Collected material Block Start

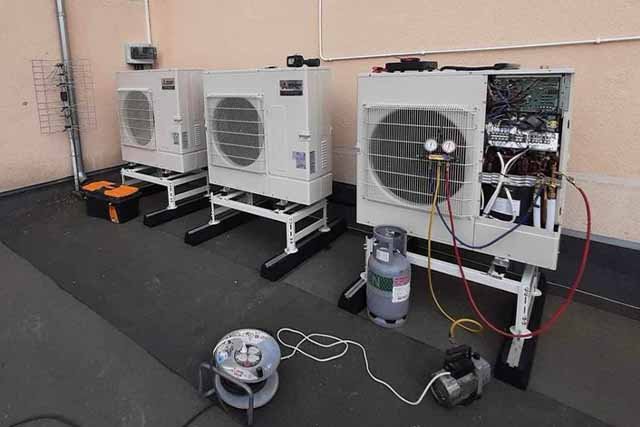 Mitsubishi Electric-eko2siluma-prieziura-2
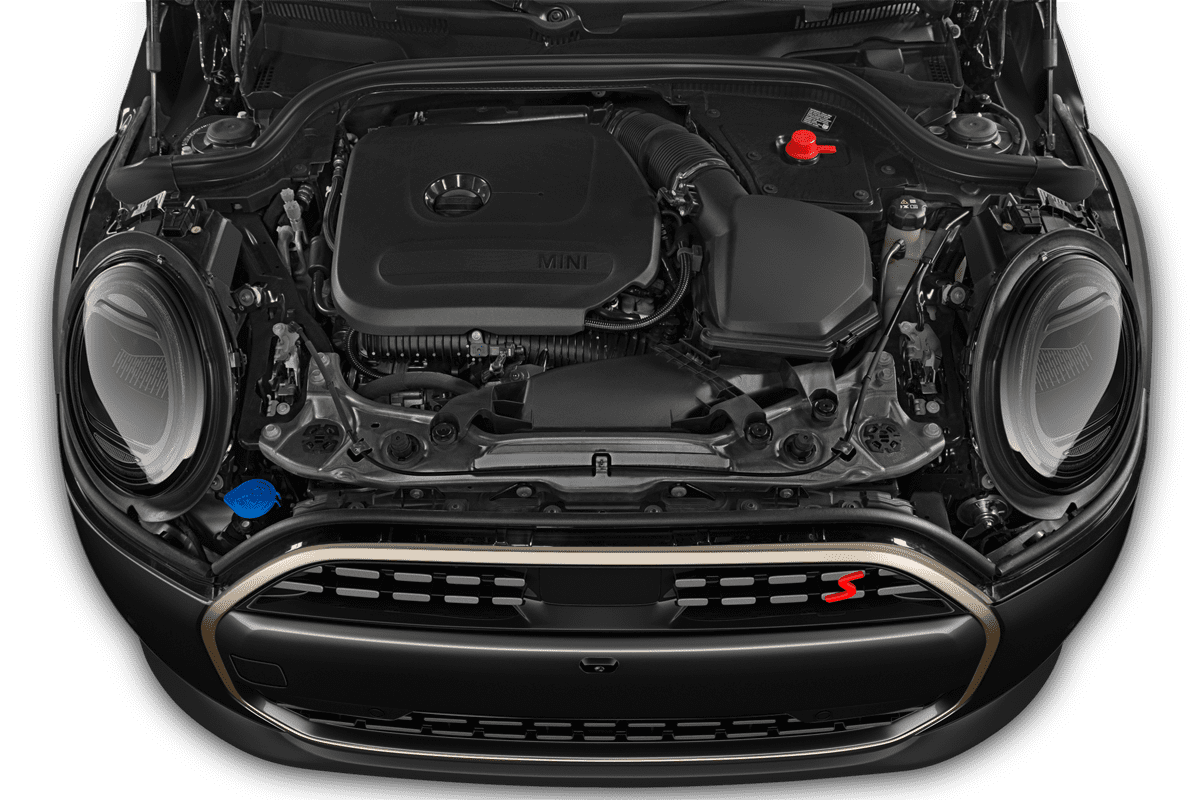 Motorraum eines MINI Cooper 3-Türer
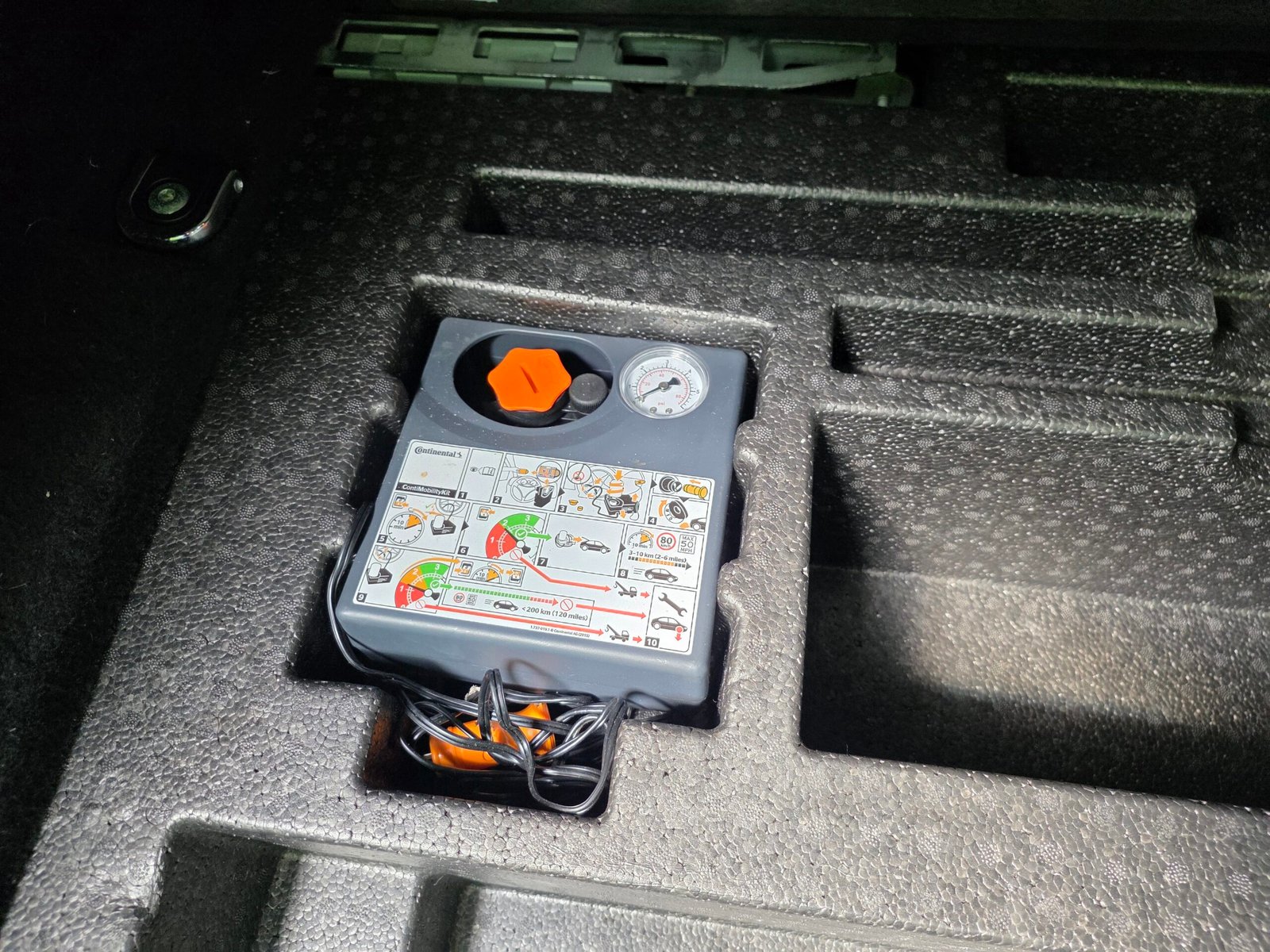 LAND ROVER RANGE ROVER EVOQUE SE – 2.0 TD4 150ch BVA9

Collected material Block End

What is needed is a word-for-word copy of the data above, free of any images.

 Mitsubishi Electric-eko2siluma-prieziura-2
 Motorraum eines MINI Cooper 3-Türer
 LAND ROVER RANGE ROVER EVOQUE SE – 2.0 TD4 150ch BVA9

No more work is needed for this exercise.